Uma professora com mais de três décadas dedicadas ao ensino público pediu exoneração após ser agredida por alunos em uma escola pública municipal de Olímpia, no interior de São Paulo.

Heloisa Barbara Cevada Esperandio, de 67 anos, havia se aposentado, mas voltou oficialmente às salas de aula após ser incentivada por colegas. Ela passou por processo seletivo e assumiu uma turma do segundo ano do Ensino Fundamental.

Logo nos primeiros dias letivos, a rotina teria sido marcada por indisciplina e comportamento hostil de alguns menores. A situação saiu do controle quando a professora tentou separar uma briga física entre dois alunos que se agarravam pelo pescoço.

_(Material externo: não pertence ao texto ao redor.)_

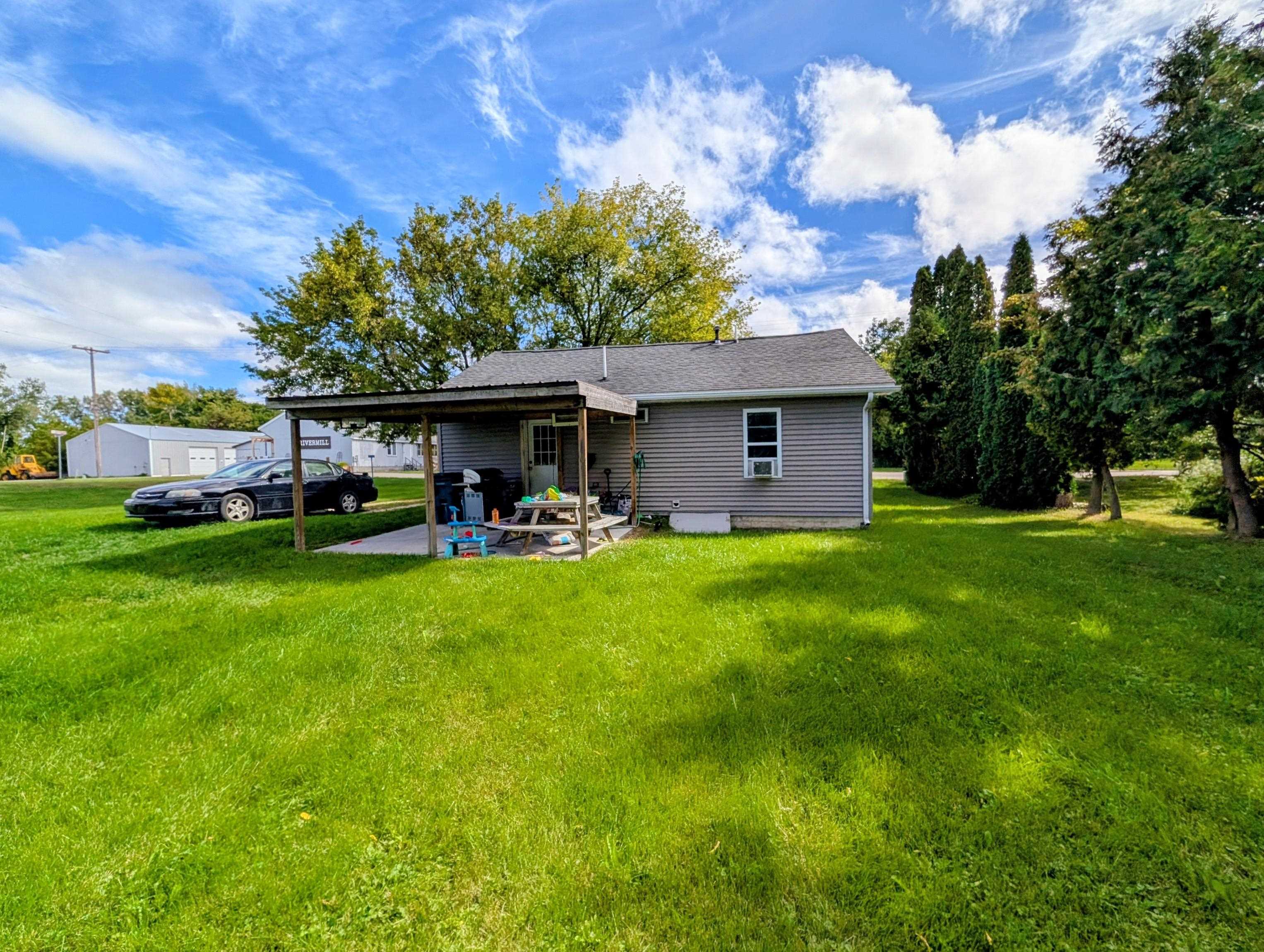 Photo 4 of Single family home for sale at 233 N Mackinaw Rd, Au Gres, MI 48703 | MLS# 77080074267 | Listing updated on 2026-10-06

Ao intervir, Heloisa acabou sendo alvo da fúria dos estudantes e sofreu mordidas e chutes, que deixaram hematomas pelo corpo.

O impacto foi além das marcas físicas. Profundamente abalada, a professora pediu exoneração e, mesmo após mais de um ano do ocorrido, ainda precisa de acompanhamento psicológico e psiquiátrico para lidar com os traumas emocionais da agressão.

Procurada, a Secretaria Municipal de Educação de Olímpia informou que adotou todas as providências administrativas e pedagógicas na época, prestou acolhimento e acionou uma equipe multidisciplinar para acompanhar os envolvidos, além de reforçar projetos de combate ao bullying em parceria com as forças de segurança locais.

O caso reacende o alerta sobre a violência nas escolas. Um levantamento do Centro do Professorado Paulista, feito com 1.440 educadores das redes estadual, municipal e privada, apontou que mais de 65% dos docentes já foram vítimas de algum tipo de agressão no ambiente de trabalho. Cerca de 62,9% dos profissionais também afirmaram não se sentir seguros dentro das escolas.